Discussion in 'Plumbing Forum, Professional & DIY Advice, Tips & ' started by guy48065, Oct 2, 2013.

  1. guy48065

    guy48065 New Member

    Messages:
    111
    Location:
    SE and north MI
    Seems like the cable & utility guys can do amazing things with their drilling rigs so I've been thinking...
    I have a cottage with the kitchen on a slab. This part of the house is log construction--bare logs inside with no place to hide pipes & electrical. Sink drain goes out the wall and then down to the septic line--can't use it in winter. Supply lines run through the attic so freezing is always a possibility. My renovation plans call for me to move the kitchen to the new section of the cottage which is frame construction, insulation and basement. Plumbing & electrical should be easy there.

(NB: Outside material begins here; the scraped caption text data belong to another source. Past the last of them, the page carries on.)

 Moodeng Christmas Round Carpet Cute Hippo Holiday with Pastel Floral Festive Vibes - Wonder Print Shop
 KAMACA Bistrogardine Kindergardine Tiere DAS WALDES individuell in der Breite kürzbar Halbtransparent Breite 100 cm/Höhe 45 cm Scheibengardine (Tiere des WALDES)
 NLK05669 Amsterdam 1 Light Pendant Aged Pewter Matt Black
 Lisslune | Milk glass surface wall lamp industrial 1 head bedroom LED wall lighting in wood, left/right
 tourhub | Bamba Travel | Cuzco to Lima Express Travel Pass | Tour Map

The slab room will be converted to a mud room/laundry and I would like to have use of it in the winter in case I retire there some day.

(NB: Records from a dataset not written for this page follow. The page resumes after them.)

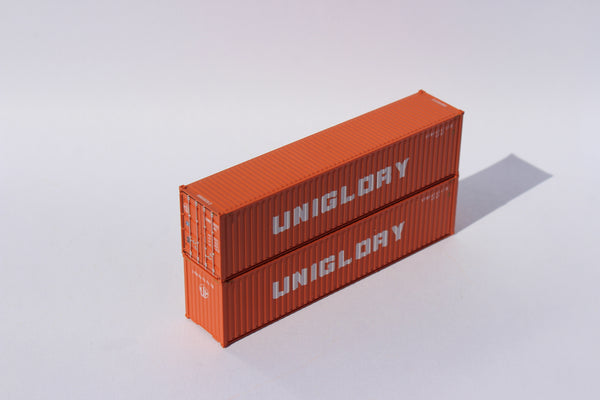 Uniglory (orange) 40' HIGH CUBE containers, Corrugated-side. JTC# 405159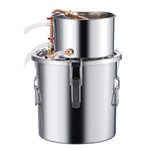 11.4L stainless steel distillation apparatus, consisting of fermentation tank, tank lid and cooling boiler, suitable for the distillation of alcohol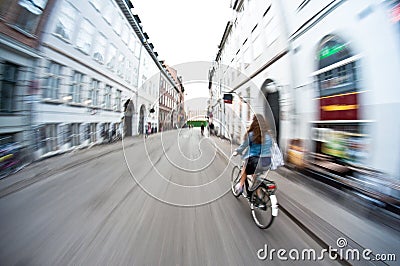 Girl riding a bike Editorial Stock Photo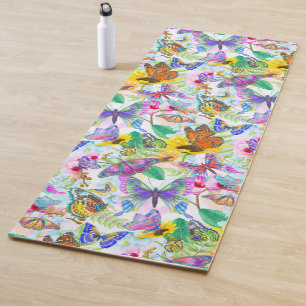 Pretty Blutterflies and Flowers Yoga Mat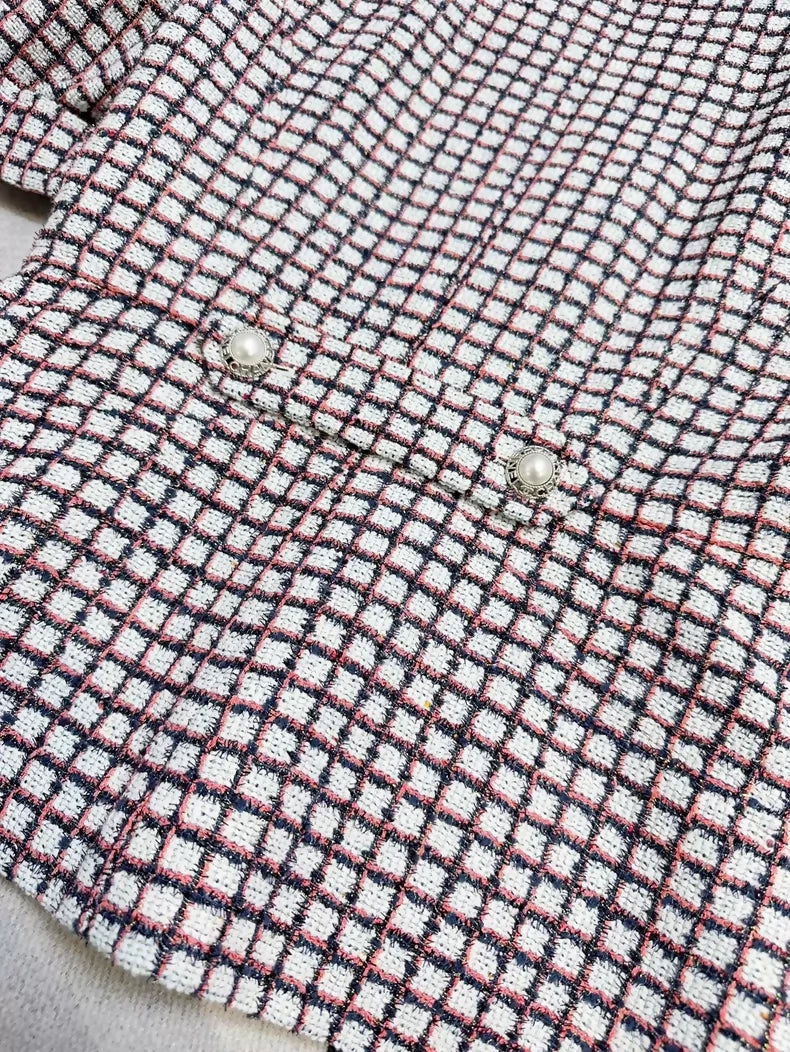 Chanel 19S Red and Blue Check Tie-Waisted Tweed Jacket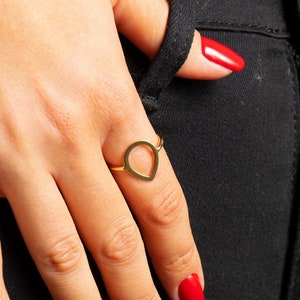 Elegant Gold Teardrop Open Ring - Minimalist Stackable Pear Shape Jewelry for Women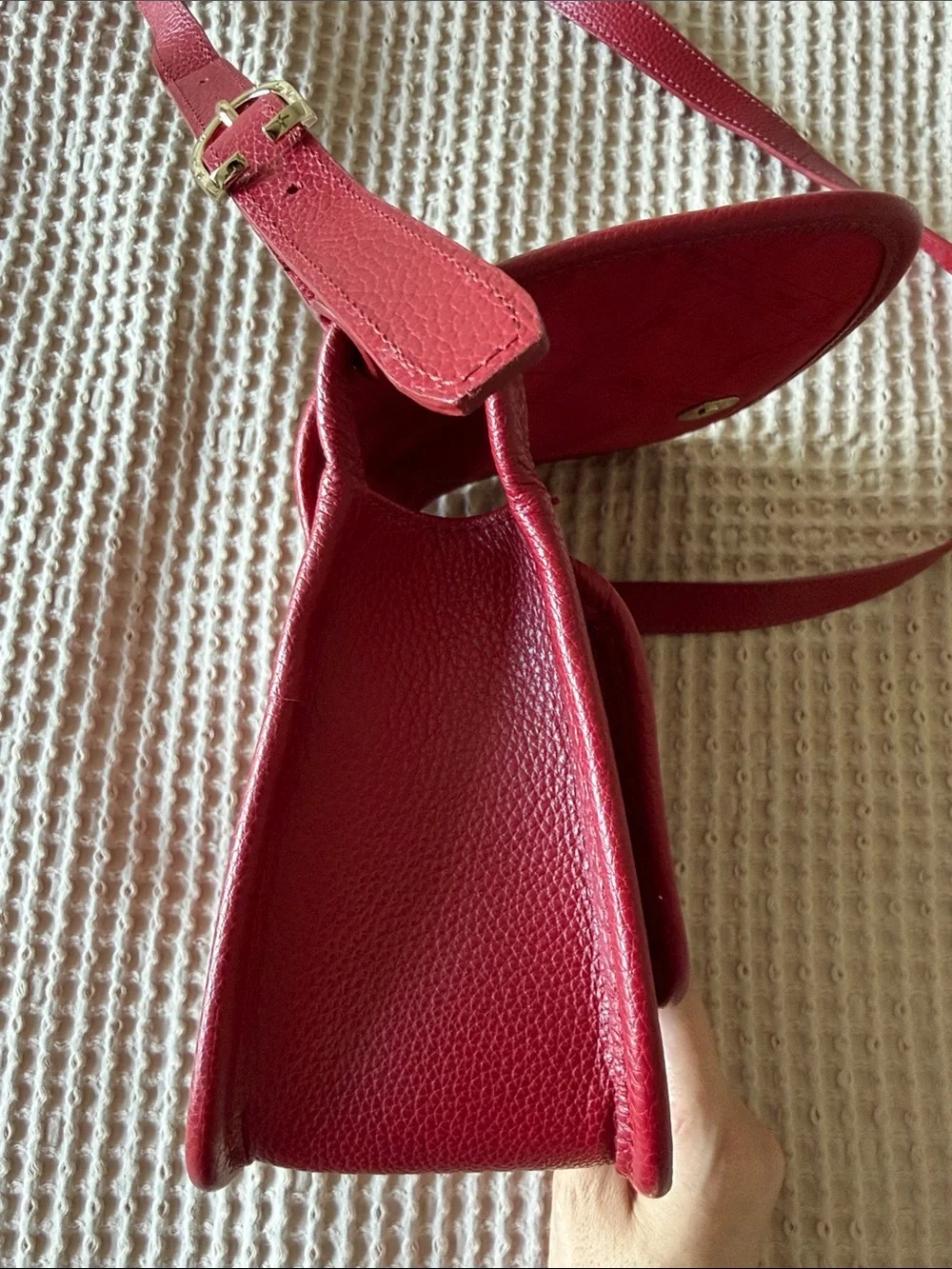 Longchamp Deep Red Pebbled Leather Crossbody Bag - Picture 5 of 10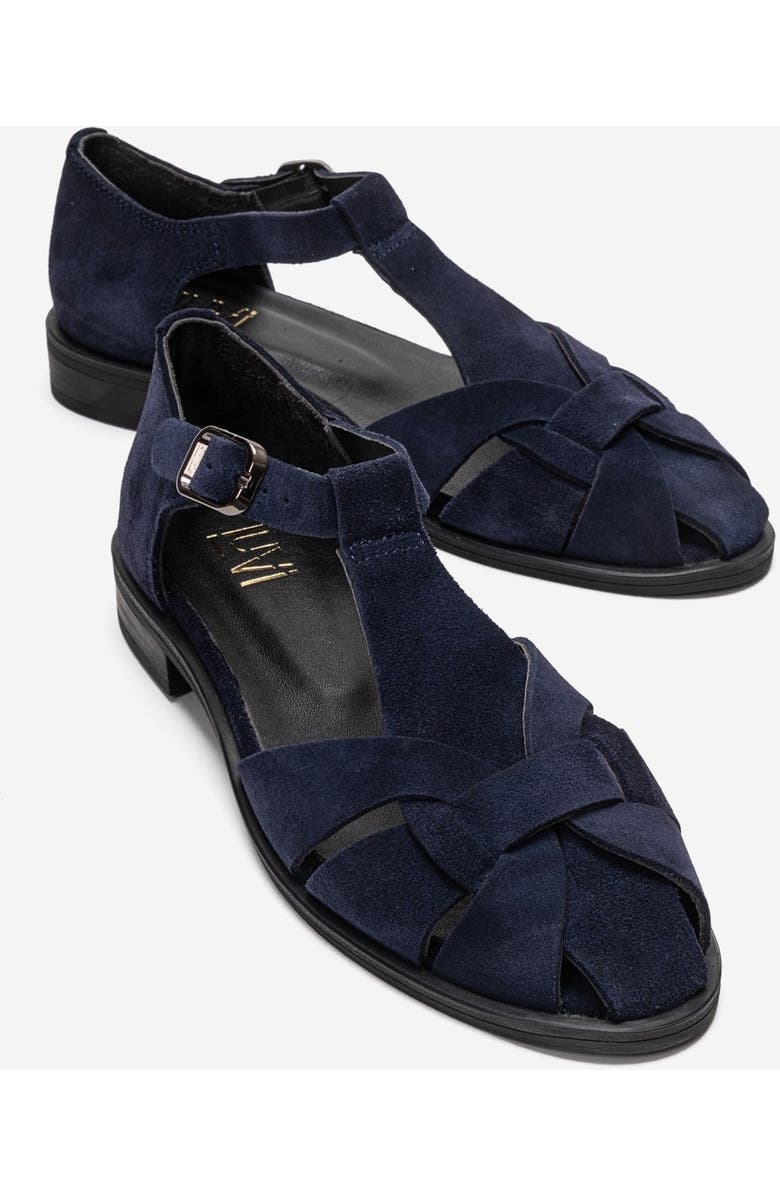 Forever & Always Shoes Dexara Leather Sandal, Main, color, Navy Suede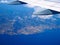 Aerial view Mediterranean Sea from plane, mountains Alps, French Riviera, Cote d`Azur, Nice, Villefranche-sur-mer, Monaco Monte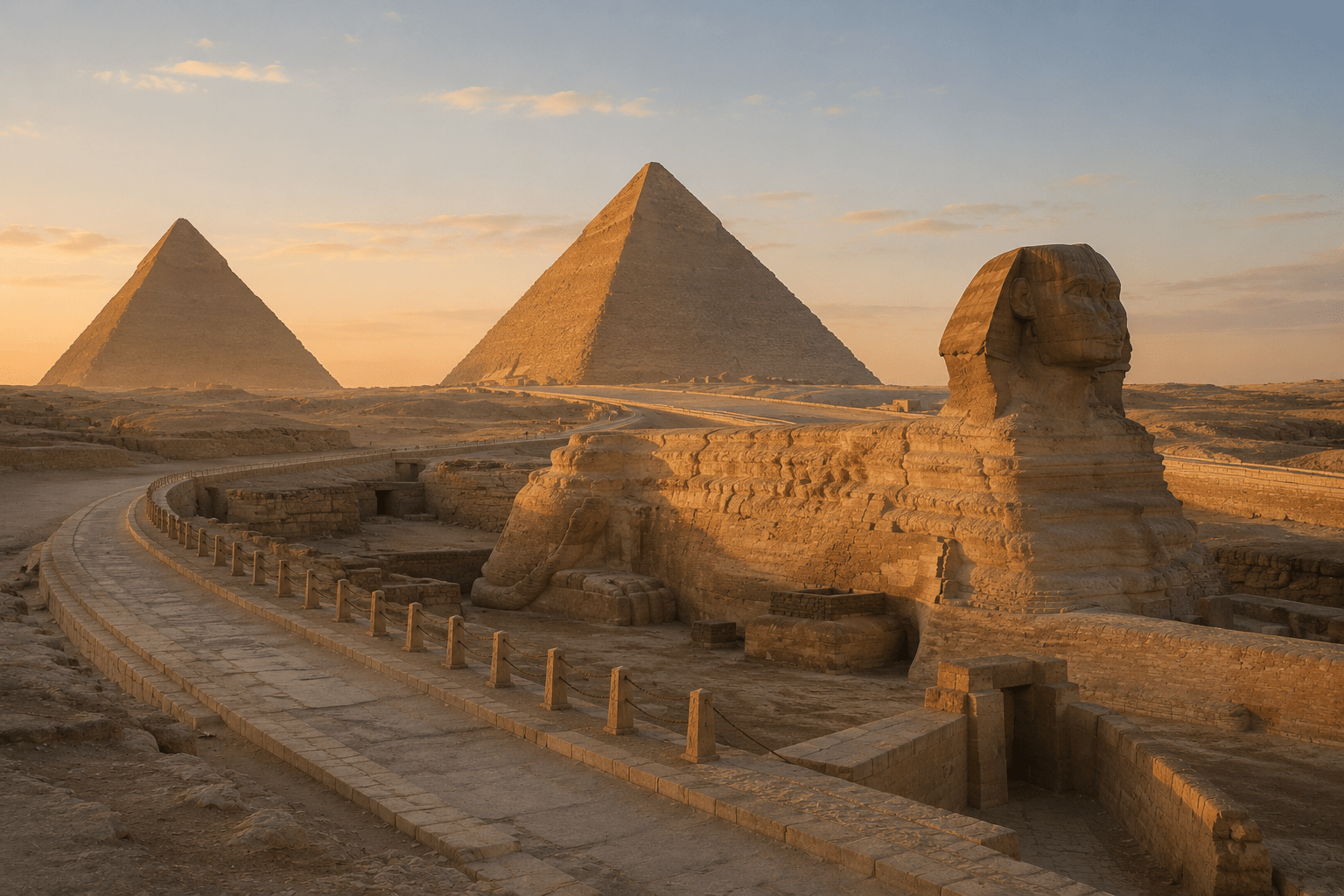 Early morning visit to the Pyramids of Giza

    Q: Is it possible to drill through the slab in the location of the utility sink & drill horizontal under the slab below the frost line (~48") and have the 2 meet so I can feed supply and grey water drain pipes without busting up the slab & digging a deep narrow trench inside the house? I've seen some crazy things on This Old House that makes me think this might be possible. Anyone here ever done this or know of it being done?

    The slab end is accessible from the outside so drilling with a large rig is a possibility.
    Last edited: Oct 2, 2013
  2. Terry

    Terry Administrator Staff Member

    Messages:
    14,915
    Location:
    Bothell, Washington
    If the home is heated during the Winter, the frost line won't be that deep. Do you leave the cabin unheated?
    Normally within the structure, you have have the pipes fairly shallow, as long as they have grade.
  3. craigpump

    craigpump Member

    Messages:
    897
    Location:
    ct
    Anything can be done, all it takes is money.
  4. DonL

    DonL Banned

    Messages:
    3,979
    Location:
    Houston, TX

    That is true, and the average homeowner will not have the proper tools to do it.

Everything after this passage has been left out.